UE ha recentemente prodotto uno studio che si chiama «il Bilancio Europeo per la Parità di genere (28.05.2015), ripreso anche nella relazione della Commissione per i diritti della donna e l'uguaglianza di genere al Parlamento europeo dello scorso 23 febbraio. 
Come dicevo in Italia sono numerose le esperienze avviate territorialmente, ed anche in alcune parti dell'amministrazione dello Stato, ma sino ad oggi in assenza di un ruolo del Governo Centrale, senza quindi elaborare e produrre linee guida, modelli, criteri, indicatori. Tutto ciò potrebbe portare in tempi brevi alla fine anche delle buone pratiche attivate che vanno dall'impatto delle politiche sociali a quello dei provvedimenti fiscali ecc... 
L'inserimento degli impegni per il Mef è un inizio, certamente non l'arrivo di una scelta che guarda non tanto alle donne, quanto alle diseguaglianze, partendo dal presupposto che le diseguaglianze rappresentano un costo sociale ed economico, (noti i dati su pil e più donne occupate) ed una negatività da rimuovere, e che il bilancio di genere è uno strumento per migliorare le performance della spesa pubblica. 
Non possiamo fermarci qui, l'obiettivo non può che essere la definizione di linee guida per l'amministrazione centrale e le amministrazioni locali. Mi aspetto su questo un lavoro della neo Ministra PO congiuntamente al Mef, ma credo che la Commissione Bilancio, con apposita indagine conoscitiva potrebbe fornire un contributo attraverso un atto di indirizzo. 
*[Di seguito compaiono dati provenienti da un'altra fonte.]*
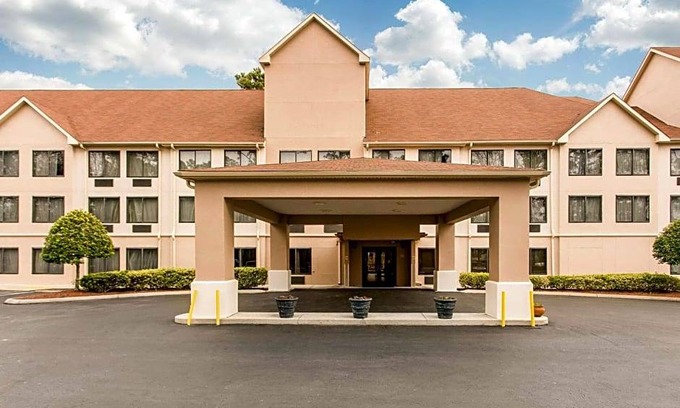 Wilmington Hotel | 2-Star Hotel ∙ Comfort Suites Wilmington near Downtown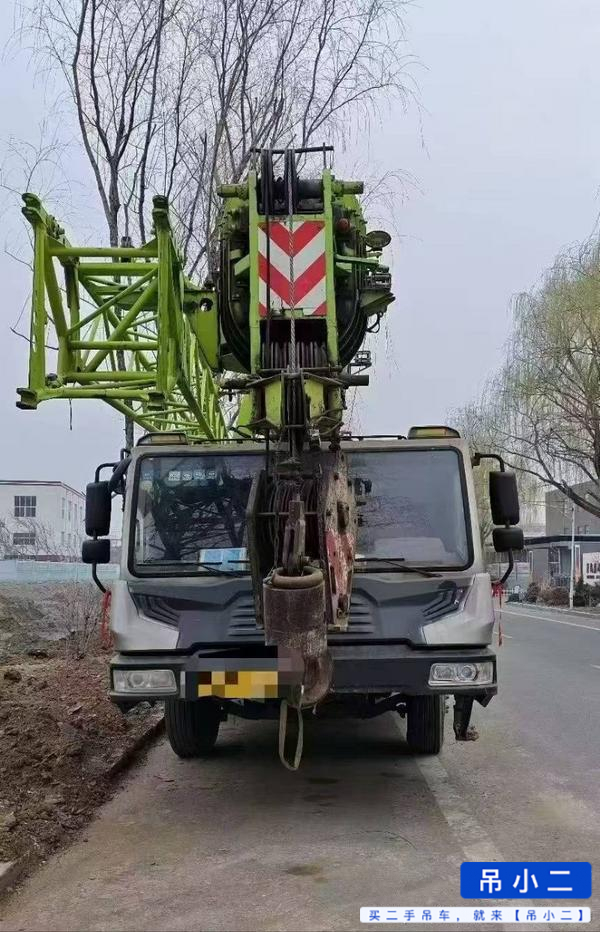 Buy Zoomlion 250V Used Crane
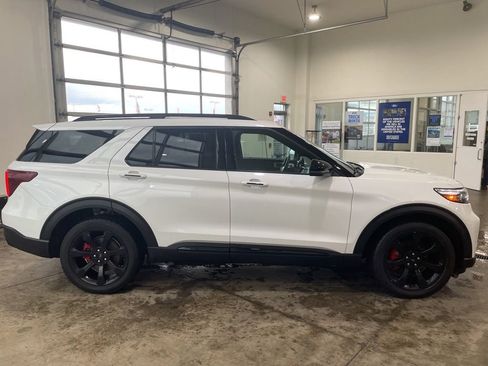 Used 2023 Ford Explorer ST w/ Equipment Group 401A AWD/4WD image 4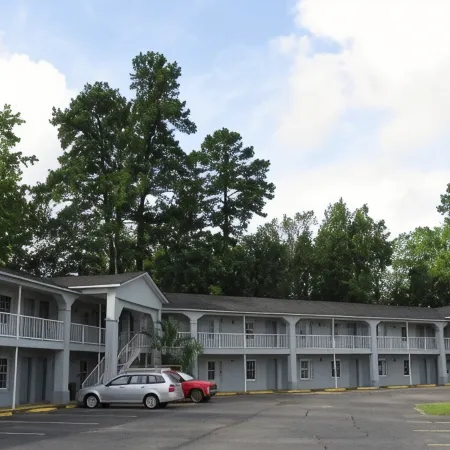 Travelodge by Wyndham Walterboro
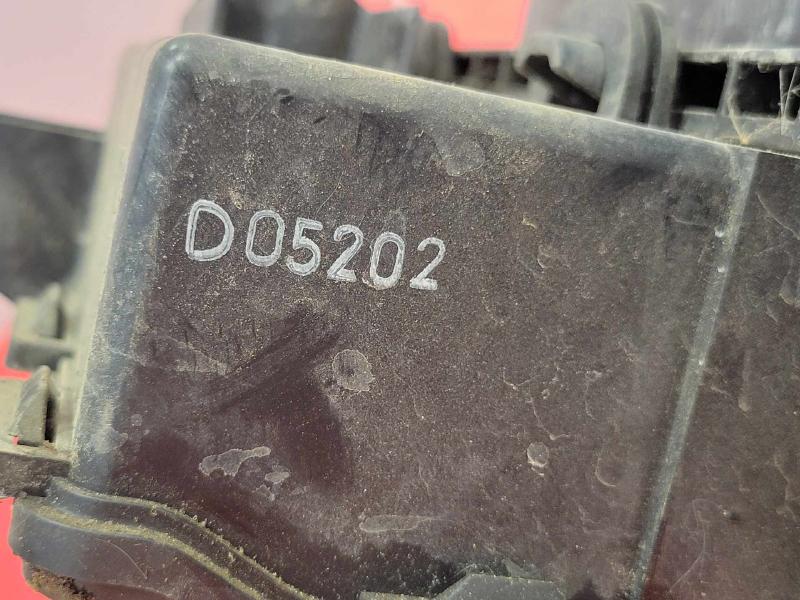 2009-2010 Nissan Murano Engine Air Cleaner Box Assembly Genuine OEM 165001AA0A
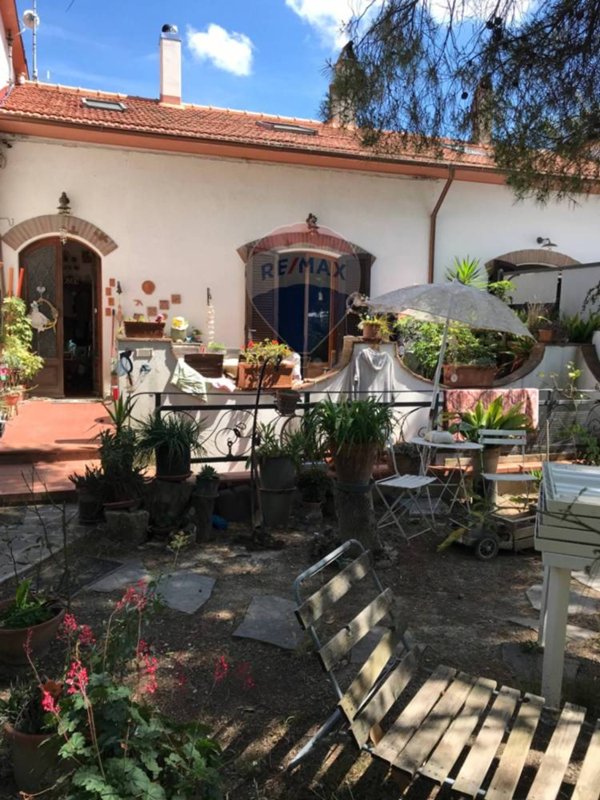 casa indipendente in vendita a Rosignano Marittimo in zona Rosignano Solvay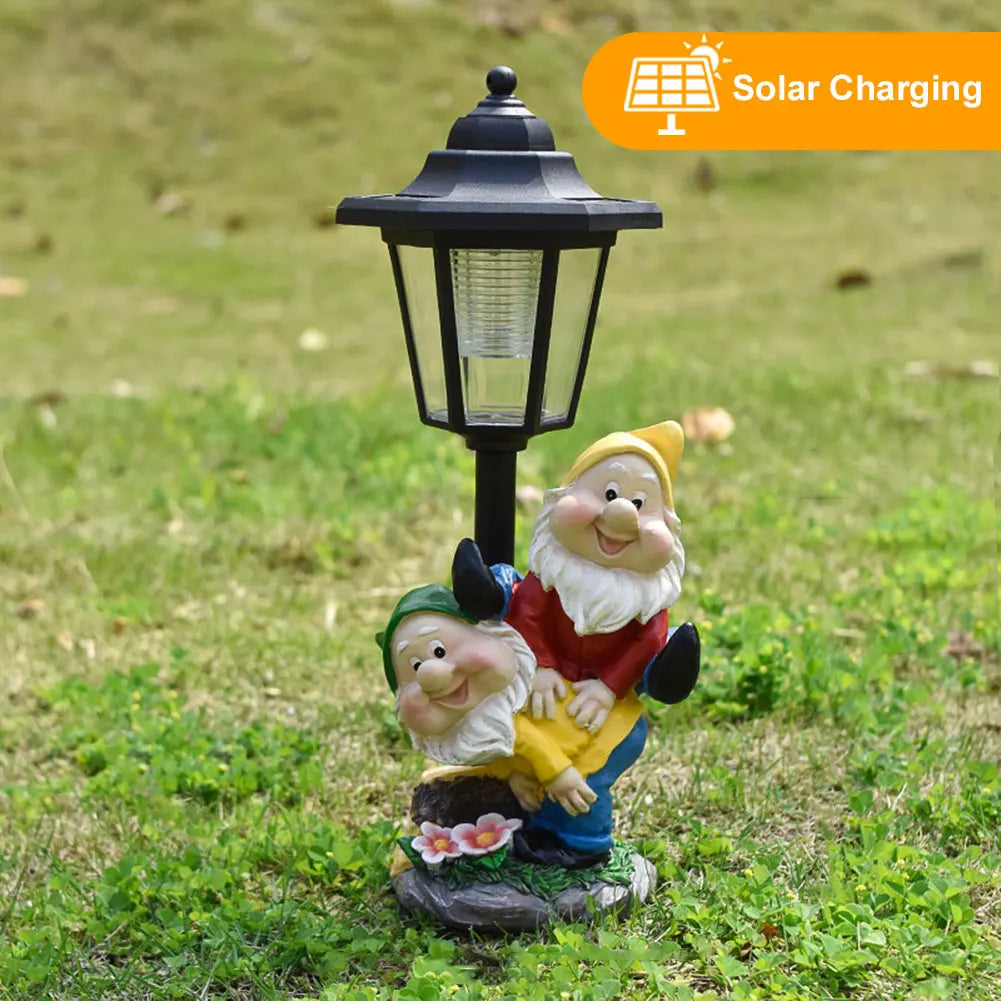 Solar Powered Garden Light with Two Gnomes Figurine - Outdoor Decorative Lamp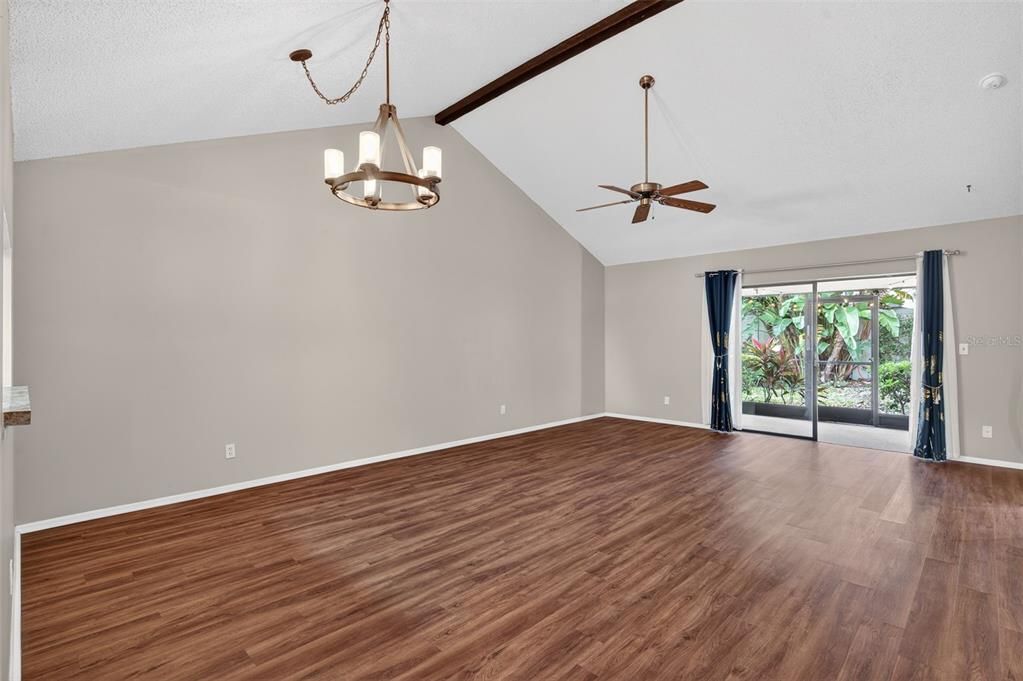 For Sale: $250,000 (2 beds, 2 baths, 1090 Square Feet)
Concludo, in questi ultimi anni e dentro una crisi che ha fatto molto male alla vita delle persone, i vincoli di bilancio, i «compiti a casa», le lettere dell'Unione europea, le scelte della Banca Europea, del FMI, hanno contribuito a rendere le politiche di bilancio vissute dai cittadini come vere e proprie vessazioni più che come opportunità di programmare crescita, benessere, futuro. 
Cop21 da un lato, Expo e la Carta di Milano dall'altro, i lavori di economisti di rango che tentano di innovare la programmazione economica con chiavi non più scindibili dalla sostenibilità ambientale e sociale, (Stiglitz ed altri), la denatalità in occidente e l'esplosione demografica in altre aree del mondo, i fiumi migratori, ed ancora la sfida trasversale di un mondo capace di leggere le differenze tra i generi come ricchezza, oggi ci chiedono di dimostrare il valore del nostro Paese percorrendo strade nuove che non possono continuare ad essere semplicemente accessorio irrilevante. 
È un inizio, ma credo che queste novità, Bes e Bilancio di genere, ci aiuteranno a rendere anche le politiche di bilancio più vicine alla vita quotidiana delle persone, degli uomini e delle donne, ed a rappresentare e rimuovere le diseguaglianze e le distorsioni che continuano a caratterizzare i processi economici.